これが倍増するなんて、考えただけで思いやられるレベルだから。

世の中には、カサンドラ症候群という言葉があるほど、発達のパートナーを持つ人の辛さは世に知れ渡っていますし、それだけメジャーな問題です。そしてこの問題は、当事者がどれだけ主体性をもって改善に取り組むのか、その努力が出来るのか、それにかなり依拠していると思います。

そういう性質であること自体は本人に責任はありませんし、それ自体が不愉快なわけはない。でも、本人が何とかしようとしているか、少しでも解決できるようなアクションをしているのか、その有無でこちらの心持ちは、平穏にも地獄にも落ちます。

そして今の私は地獄サイド。私の休職中も、毎日毎日「今日は何してたの」「美郷はニートだから(本人は面白おかしく話してるつもり)」「俺なんて全然寝てないのに、俺なんてこんなに忙しいのに」というのを、鬱でほぼ寝たきりの私にも、休職の自己嫌悪や罪悪感で隠れて悩み、泣いている私にも平気で言いますし、未だに休職いじりは止まりません。

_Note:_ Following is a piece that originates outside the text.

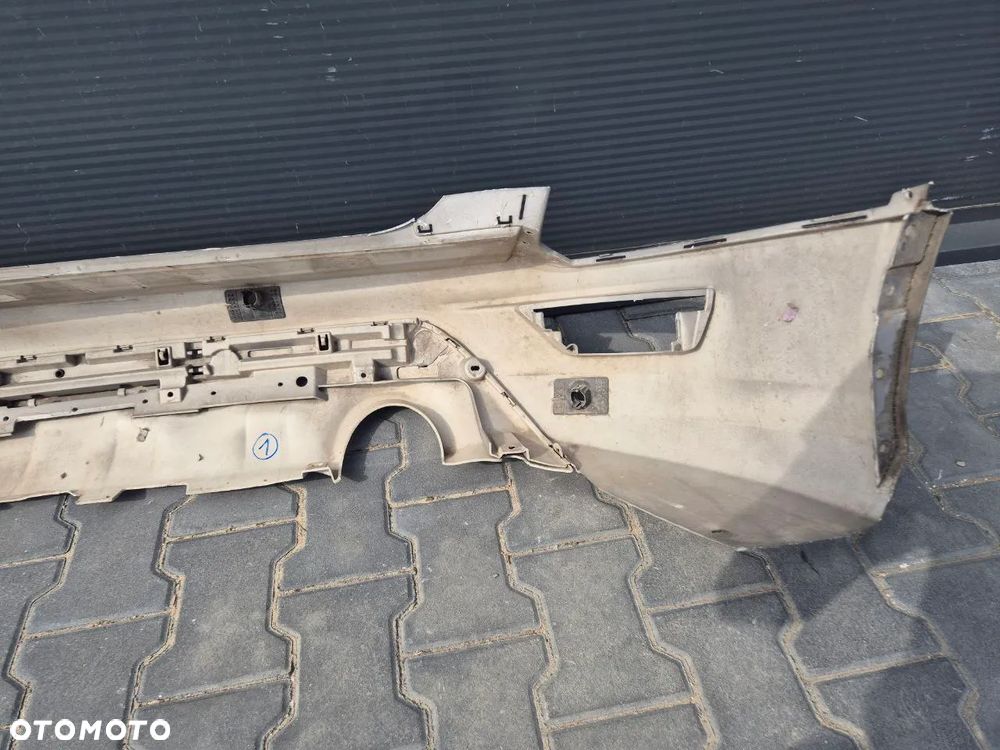 FORD KUGA II MK2 ZDERZAK TYŁ (dostępny 1 zderzak) - 7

先日、同じような子供を持つお母さんが、「自分が嘔吐している後ろで、ダイの冒険(ゲームソフト?)の値段が2000円に下がりましたね。と平然と言ってくる子供に気が狂いそうだ」というような旨のツイートをしており、バズっていました。

世間からしたら、この類の人と深く日常的に接する必要も、それを強いられることも中々ないからこそ面白おかしくいじる人が大量にいますが、遺伝子レベルで問題を抱える人と常に共にする人からすると、もう限界。の叫びです。

私を虐待を日常的に受けて自我を失うような世界から連れ出してくれたのも彼ですし、根拠のない「大丈夫」を信じてもいいと思えたのも彼が初めて。温厚で基本的に何があっても落ち着いて対処できる彼に助けられることも多い。

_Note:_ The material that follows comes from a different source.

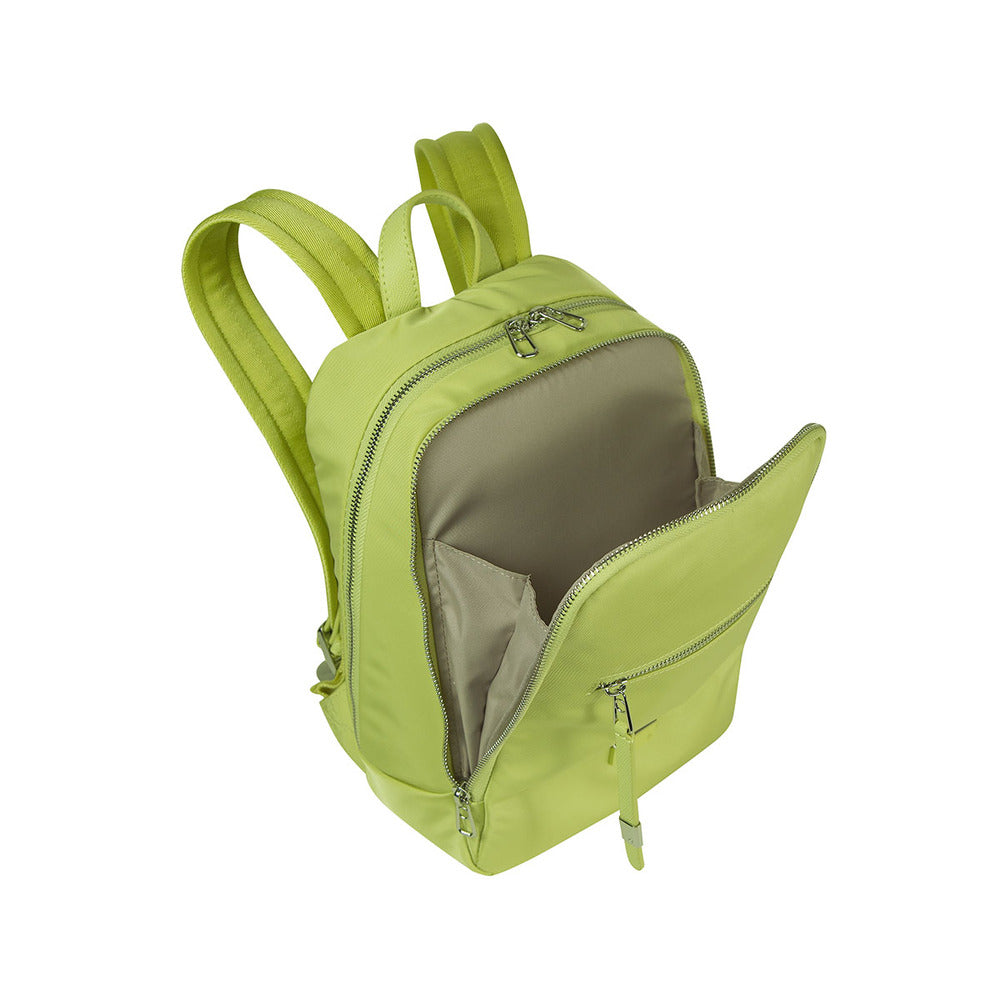 Mochila BE-HER Verde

でも、それ以上に彼の遺伝子レベルの発達ゆえに、悲しみ、苦しむことが多すぎた。


初めて、こんなリアルタイムな苦悩を吐き出してしまいました。

カサンドラ症候群の意味さえ分からなかったあの日に戻りたい。

普通の人を愛せたら、どれだけ幸せだったんだろう。

そんな愛する人との子供を待ち遠しく思えたら、どれだけ良かったんだろう。

どんなレベルの発達を抱える子供が生まれるのか、発達持ちがほぼ確定している子供を自分は待ち望めない。

葛藤と悩みはまだ続きますが、もう解放されたい、というのが今の正直な気持ちです。